DATASET CONTENT:
■ ■ ■ ■

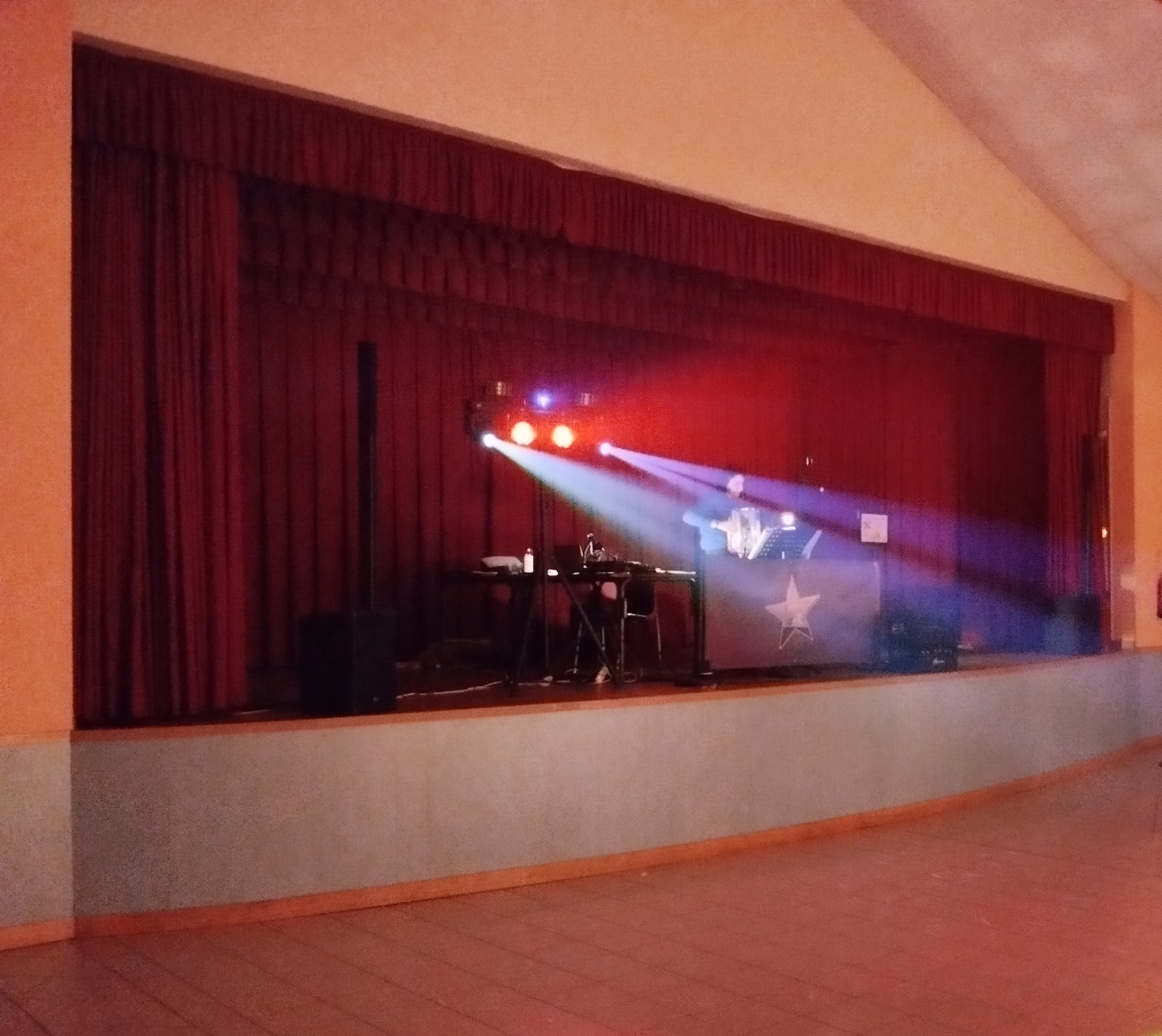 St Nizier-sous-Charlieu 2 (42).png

■ ■ ■ ■

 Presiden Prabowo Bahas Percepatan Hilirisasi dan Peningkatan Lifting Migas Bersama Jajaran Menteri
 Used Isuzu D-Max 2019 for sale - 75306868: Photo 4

■ ■ ■ ■

INSTRUCTIONS TO FOLLOW: Retype only the stretch of lines above starting at the one with "Presiden Prabowo Bahas" and stopping at the one with "Used Isuzu D-Max", exactly as written, with both kept.

FINAL ANSWER:
 Presiden Prabowo Bahas Percepatan Hilirisasi dan Peningkatan Lifting Migas Bersama Jajaran Menteri
 Used Isuzu D-Max 2019 for sale - 75306868: Photo 4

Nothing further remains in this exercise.